I’ll admit, this took some getting used to, though part of the problem was one of communication. In a short game demo, it’s important to get the controls down quickly, and my helper—who was incredibly nice—had a very thick Japanese accent and spoke quite softly. It was difficult to follow along. Still, once I’d figured things out I found things chugged along nicely.
I’m not at all an advocate of motion controls as they’ve been applied to most video games since the Wii. The Kinect was an abject failure. Sony’s motion controls were more accurate, but rarely made any PlayStation game better. The Wii U used some leftover motion stuff from the Wii era, but mostly it was gimmicky and optional.
But I’ve noticed with the Nintendo Switch that Nintendo has refined its use of motion-controls in interesting and, frankly, almost astounding ways. Part of this is simply doing less with motion, but making sure that what you do use them for is effective and fun. My best example of this is aiming your bow and special powers in The Legend Of Zelda: Breath Of The Wild.
In that game, using motion controls to aim an arrow at an enemy was far, far more effective and easy than trying to aim with a thumbstick.
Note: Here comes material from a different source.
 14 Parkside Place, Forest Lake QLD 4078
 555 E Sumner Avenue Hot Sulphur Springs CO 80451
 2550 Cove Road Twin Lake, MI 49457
It made me wish I could do the same while playing Horizon Zero Dawn on the PS4. This was one of the first times I used a motion control and thought “Wow, I really like this.”
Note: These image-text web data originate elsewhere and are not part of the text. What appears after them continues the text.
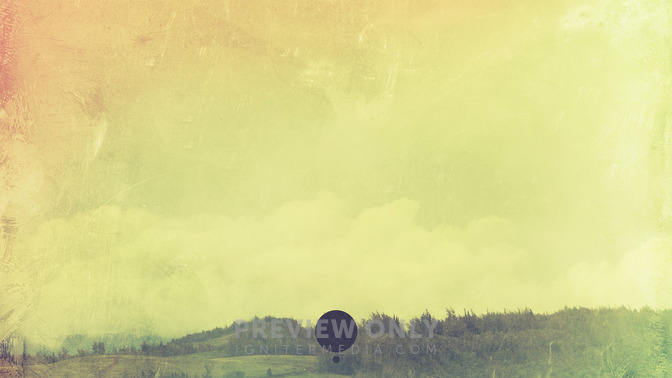 Delivered_From_Distress_16x9-CONTENT-3#preset=tg_alt3.jpg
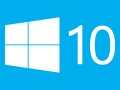 win10重装win10系统-(win10系统重装)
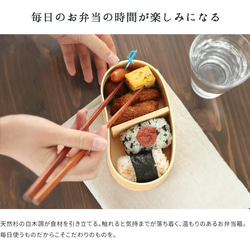  第4張的照片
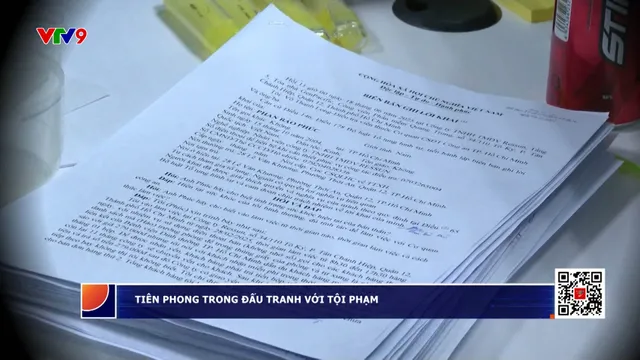 Thời sự: Phương Nam hôm nay (11/8/2025)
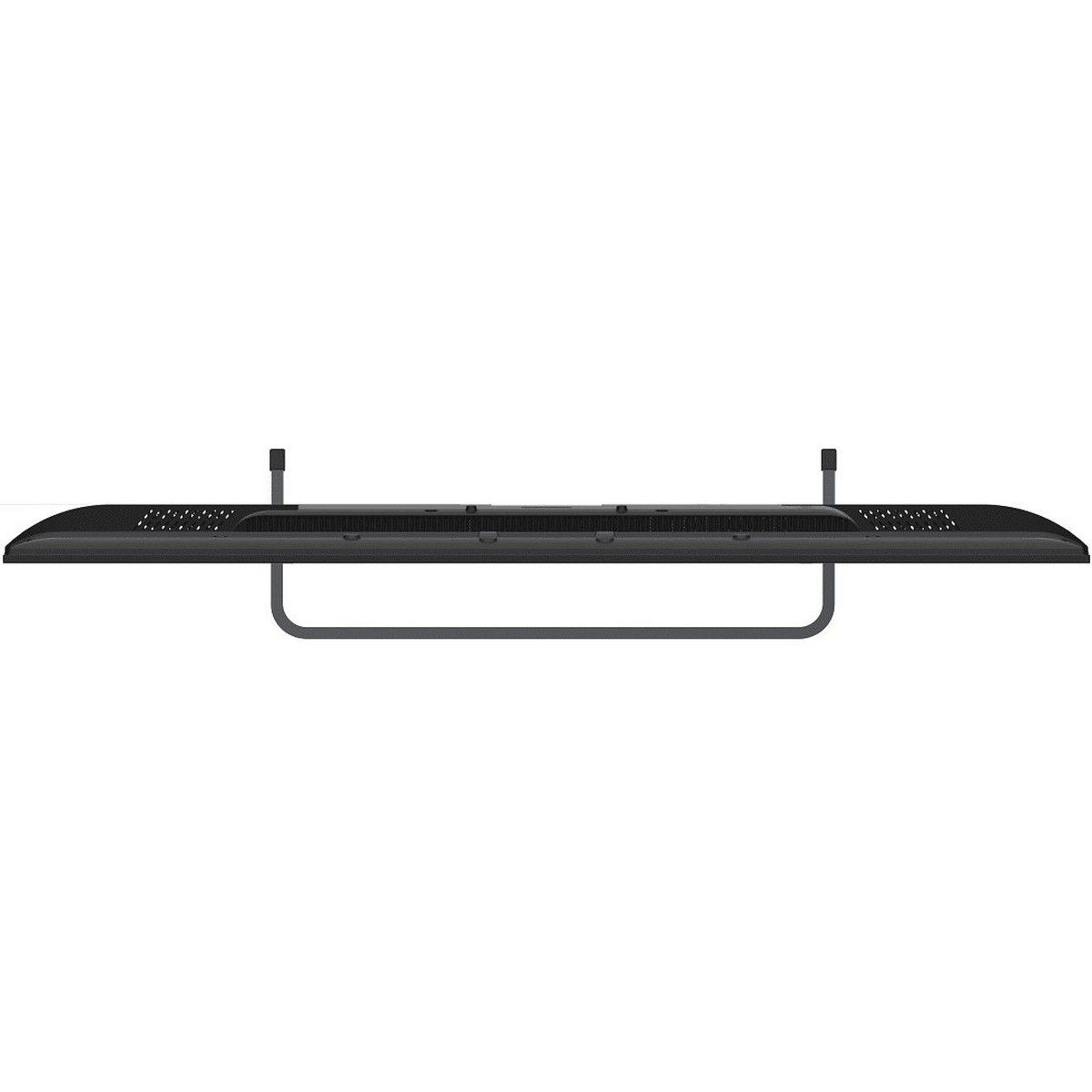 65" Телевизор LED Topdevice TDTV65CS06U_BK /Android 11/1.5-16 Gb/BT 5.0/2 пульта/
I’m less enthusiastic about the controls in Super Mario Odyssey. For one thing, it’s quite a lot more than aiming. You flick your wrists to toss Mario’s hat. You shake them to climb up things faster, and so on and so forth. It’s core to much of what Mario does, though traditional controls still govern his movement, jumping and so forth.
On the other hand, you can still do all of this on a Pro Controller without the motion controls, or in handheld mode with the Joy-Cons attached, so there’s options. And even though there’s quite a lot more motion controls here than in Zelda, none of them are difficult and all of them felt incredibly responsive. There’s nothing floaty about it. You do the proper motion and you get the proper response. The Switch is quite good in this regard.
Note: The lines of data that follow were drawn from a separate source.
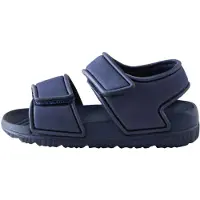Next Åbne sko navy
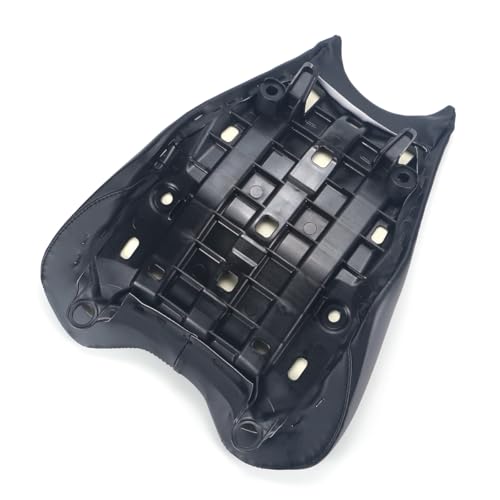 Asiento de motocicleta CBR1000RR para rutas largas y conducción en circuito 5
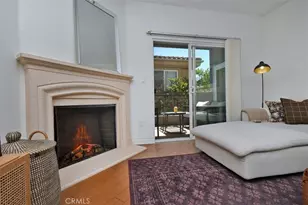 4424 Whitsett Ave, Studio City, CA 91604 - Photo 14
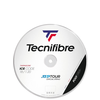 Tenis struna Tecnifibre Ice Code - kolut 200m 1,30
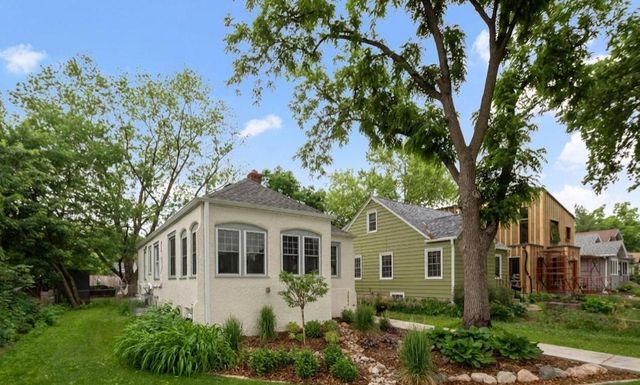 3844 46th Avenue S, Minneapolis, MN 55406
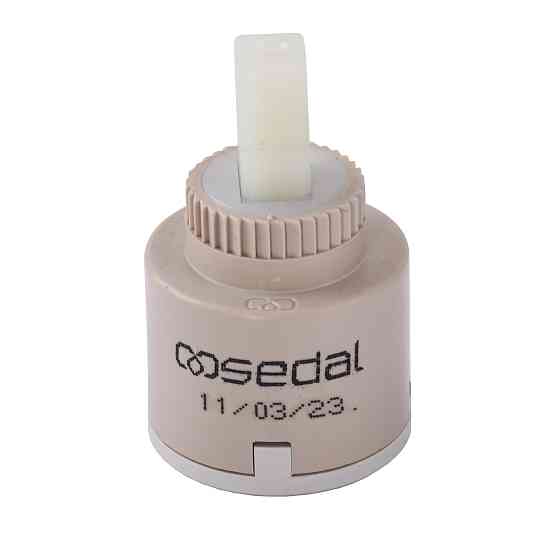 Картридж SEDAL EN-35 BG SD D35 Київ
It’s impressive in other ways, too. In New Donk City I hopped on a motorcycle and drove around. It’s a weird place. Honestly, it’s creepy as hell. The humans feel…wrong somehow.
But as I drove, both my Joy-Con controllers buzzed in my hand, as though I were gripping an actual motorcycle’s handlebar. (Well, a very gently rumbling scooter’s handlebar in any case.)
Lots of little, clever things abound in Super Mario Odyssey. I came across a wall with 2D Mario stuff basically painted on its side. Bricks and question-mark boxes and Bullet Bills. The cool thing was you could go through a pipe and actually appear as 2D Mario on that wall, navigating a 2D mini-level that looked straight out of the original game.
Meanwhile, interacting with some objects lets you become them. You can become a rocket, for instance, and blast off to a new area. Or possess an enemy. All of this is done with Cappy, Mario’s all-powerful hat (who can also be controlled by a second player in local co-op using two Joy-Con controllers.) Really, you could call this game Super Mario Hat and it would be pretty accurate. You can even possess a T-Rex, though I wasn’t able to experience that in my time with the game.
All told, I’m pretty excited for this game. I’m not 100% on board with the motion controls, and I’ve yet to make up my mind about how much I like using the hat so much, but the sheer level of creativity and level variety is exciting. Nintendo makes a ton of Mario games, and it always surprises me that they can keep things so varied and unique still even after all these years.